Раден‑айу слушала, не веря его словам, видя, как у ее ног разверзается пропасть. И завыв от горя, зарычав, как раненая львица, она вынула из своих волос драгоценные заколки, так что длинные седые волосы рассыпались по плечам; она рывком разодрала на себе атласный кабай, не владея собой от боли, отчаяния, поднявшихся из зияющей пропасти и окутавших ее словно туманом, она бросилась к ногам европейца, с силой схватила его обеими руками за ногу, поставила ее одним движением, от которого ван Аудейк зашатался, себе на пригнутую к земле шею и выкрикнула, что она, дочь султанов Мадуры, вечно будет его рабой, что она клянется быть лишь его рабой, если он в этот единственный раз смилостивится над ее сыном и не столкнет ее род в пропасть позора, которая разверзлась вокруг нее. И она сжимала ногу европейца с силой отчаяния, прижимала подметку и каблук его ботинка к своей склоненной шее и разметавшимся по полу седым волосам. Ван Аудейк дрожал от волнения. Он понимал, что эта высокомерная женщина никогда бы так не унизила себя – явно без предварительного замысла, – до самого неистового унижения, которое только могла придумать, не позволила бы себе такого исступленного выражения страдания, на какое только способны женщины – распустив волосы, поставив ногу властелина себе на шею, – если бы не была потрясена до самой глубины души, если бы не испытывала отчаяния на грани самоуничтожения. И на миг он заколебался. Но всего на миг. Он был человеком продуманных принципов, установленной априори логики, не меняющим своих решений, невосприимчивым к импульсам. Он осторожно высвободил свою ногу из крепко сжимающих ее пальцев яванки, протянул ей обе руки и помог встать с пола с благоговейной почтительностью и нескрываемым волнением.

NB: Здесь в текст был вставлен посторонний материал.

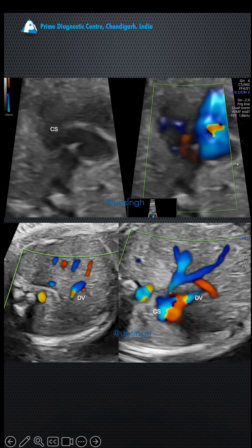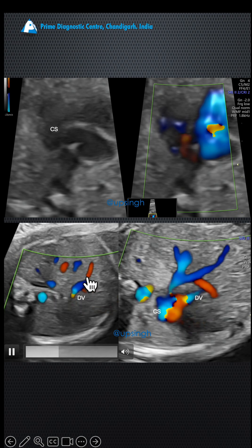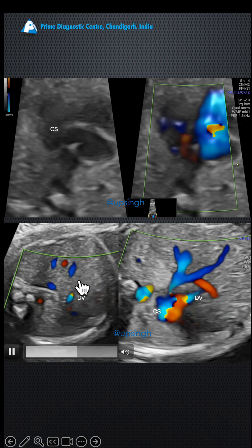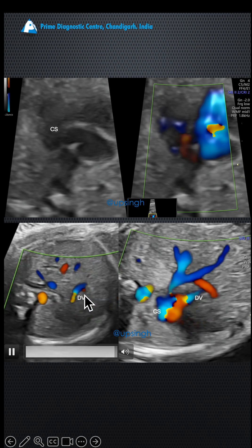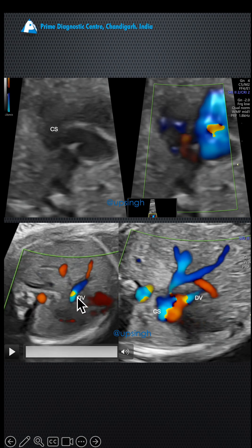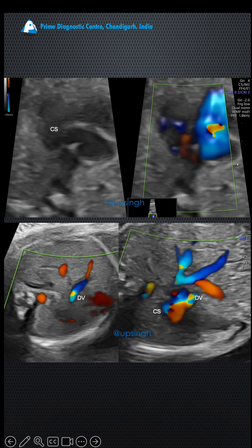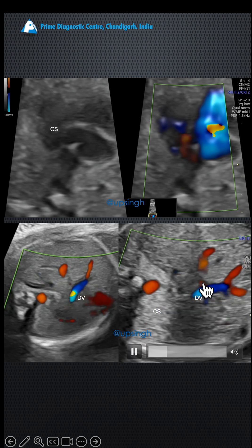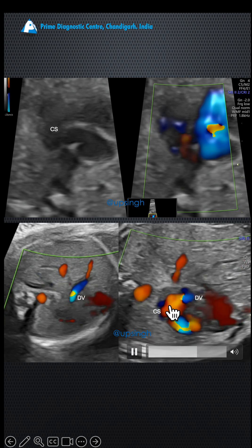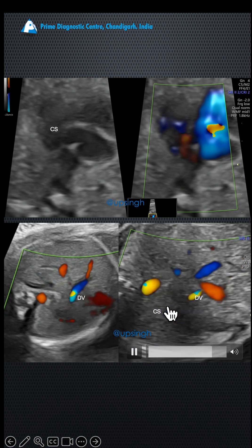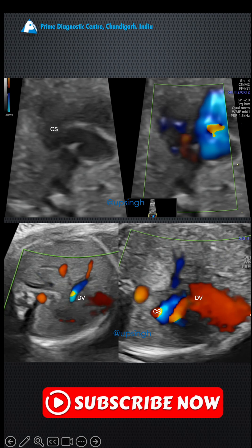We then looked at the abdomen on color Doppler. That is the ductus venosus (DV) — you can see the ductus venosus flow there. And then we noticed the ductus venosus appeared to be entering into this coronary sinus.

Он попросил ее сесть, и, сломленная, рыдая, она упала в кресло. Заметив его обходительность, она подумала было, что одержала победу. Но когда он спокойно, но с решимостью отрицательно покачал головой, она поняла, что все кончено. Она стала ловить ртом воздух, почти теряя сознание, все еще в распахнутом на груди кабае и с распущенными волосами.

В этот миг в кабинет вошла Леони. Она видела, как разыгрывалась драма, и была тронута, точно прочитанной книгой. Она испытала что‑то вроде сочувствия. Она подошла к раден‑айу, бросившейся ей в объятия, как женщина к женщине, в безнадежном отчаянии от неотвратимости несчастья. И Леони, обратив к ван Аудейку взгляд своих красивых глаз, вступилась за старую женщину, прошептав: «Уступи ей!» В сухой душе Леони расцвел один‑единственный цветок сочувствия. «Уступи ей!» – прошептала она еще раз. И во второй раз заколебался ван Аудейк. Он никогда ни в чем не отказывал своей жене, каким бы дорогим ни было то, о чем она просила. Но здесь он должен был бы пожертвовать своим принципом никогда не отменять принятое решение, доводить до конца начатое. Благодаря этому принципу он всегда владел будущим. Благодаря ему все происходило так, как он хотел. Благодаря ему он никогда не проявлял ни малейшей слабости. И ван Аудейк сказал, что это неосуществимо.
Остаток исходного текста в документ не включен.